Today and in relation to Syria, Yemen and Bahrain, I want to question President Obama’s contribution to promoting cooperation amongst people and also enhancing international diplomacy as a means of making our world safer. While President Obama did conclusively end the occupation by allied forces of Iraq, and he has set a definitive deadline for withdrawal of US forces from Afghanistan, he has also initiated or directly sponsored unacceptable levels of instability in the world, particularly in the Middle East. Under Obama’s watch, the CIA and other US secret services have expanded their program of work globally but particularly in the Middle East, raising significant questions about the intentions of President Obama’s Foreign and Strategic policy.

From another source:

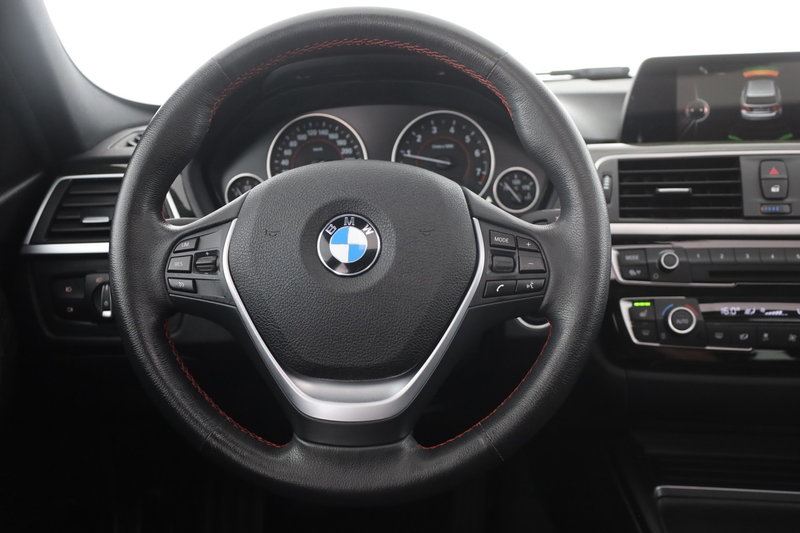 BMW 318 318i Touring Sport Line Panorama Navi Leder PDC — photo 14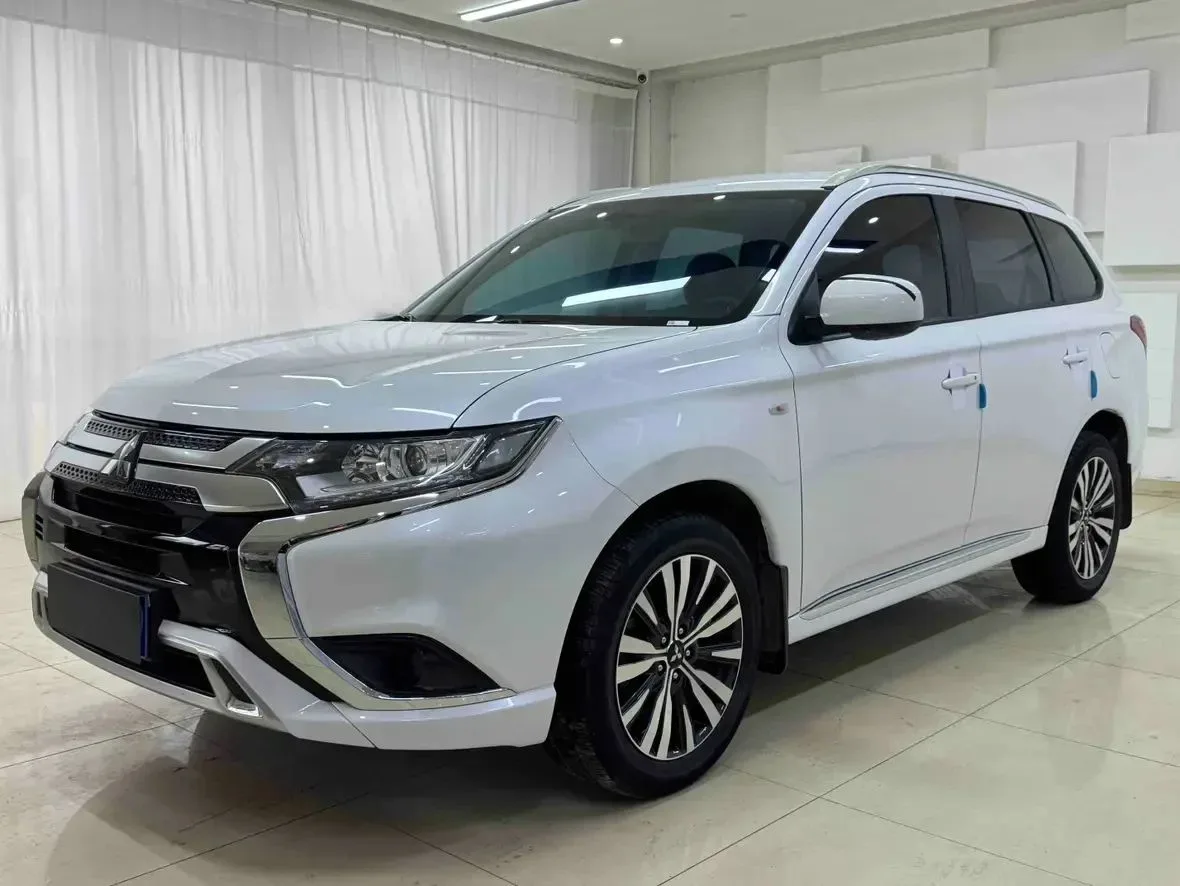 Mitsubishi Outlander, 2022, 2.0, 156 л.с. пробег: 37000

Obama’s Foreign Policy Refocus: Asia-Pacific
When closing engagements in Iraq and Afghanistan, President Obama has refocused US foreign and strategic policy from the Middle East to the Asia-Pacific. This has focused attention on the emerging congruence between the US and India, Australia and New Zealand, in part as a response to China’s more aggressive Pacific military and economic policy. This also shifts emphasis from the Mediterranean and Atlantic Ocean to the Arabia Gulf, Indian and Pacific Oceans. While this is perceived as a challenge by China, the US is already working through its allies in the region to tease the many land and sea disputes that remain unresolved in the South China Sea and the Pacific (please see section on China and Asia). With this move, Obama has perhaps made the most definitive change in US foreign policy since the declaration of the Marshall Plan and the formation of the Dominoes theory which sparked the Cold War. It remains to be seen how this strategy will play itself out. http://www.foreignpolicy.com/articles/2011/10/11/americas_pacific_century?page=full
President Obama appeared to have a mixed start after he was awarded the Nobel peace prize in 2009. His lack of immediate action domestically on urgent economic issues was balanced by his pronounced action in the realm of foreign policy and military strategic leadership globally, and particularly in the Middle and Near East. Far from promoting calm and increasing sense of security and peace, the Obama Presidency produced competing results in foreign policy: it has fueled a growing sense of discomfort and distrust in the intentions behind US foreign and strategic policy in the 150 countries or so that are not in Europe, and contrarily, have produced increased cohesion between US, UK and France on a host of international initiatives and issues, while distancing some others such as Germany. Not all the outcomes have been positive as indicated, but it is striking that more movement and outcomes have been forthcoming during President Obama’s Presidency then under many others, including the toppling of entrenched dictators such as Saleh and Mubarak, and the death of Osama Bin Laden and many other key terrorist leaders. Contrary to expectations, President Obama has not invested in human rights considerations in forging his foreign policy initiatives and sometimes, as in Bahrain, acted against the best interests of the people of that country. He has not invested in international diplomacy over war, as the award of the Nobel Peace Prize had forecast, instead initiating new warfare fora, heralding the age of technological and cyber warfare. I say all this with a modicum of regret, as I look at the coming US Presidential election and note that, while President Obama has redefined the concept of “war presidency”, in comparison to Mitt Romney’s open tea party warmongering, Obama appears to be the far lesser of the two evils.